## REQUIREMENT:
Omitting the images, transcribe the records below exactly as they stand.

DATA PROVIDED: Begin

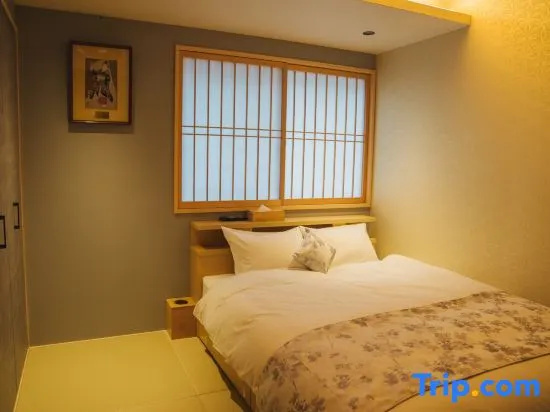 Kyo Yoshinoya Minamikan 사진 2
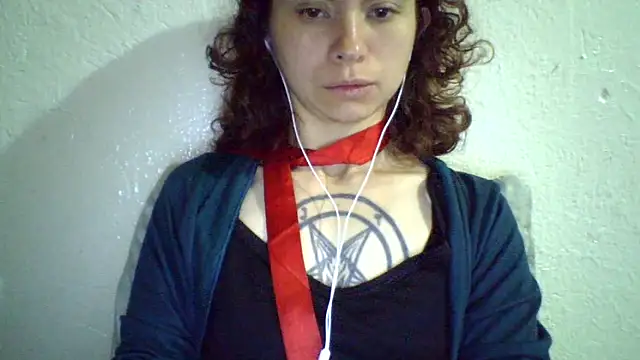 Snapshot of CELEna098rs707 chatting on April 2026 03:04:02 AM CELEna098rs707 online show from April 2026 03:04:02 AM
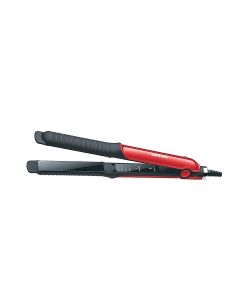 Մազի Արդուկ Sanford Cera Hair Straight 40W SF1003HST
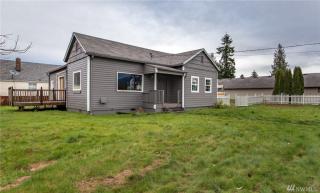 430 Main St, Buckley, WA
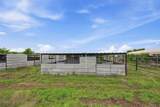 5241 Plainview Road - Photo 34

DATA PROVIDED: End

## OUTPUT:
 Kyo Yoshinoya Minamikan 사진 2
 Snapshot of CELEna098rs707 chatting on April 2026 03:04:02 AM CELEna098rs707 online show from April 2026 03:04:02 AM
 Մազի Արդուկ Sanford Cera Hair Straight 40W SF1003HST
 430 Main St, Buckley, WA
 5241 Plainview Road - Photo 34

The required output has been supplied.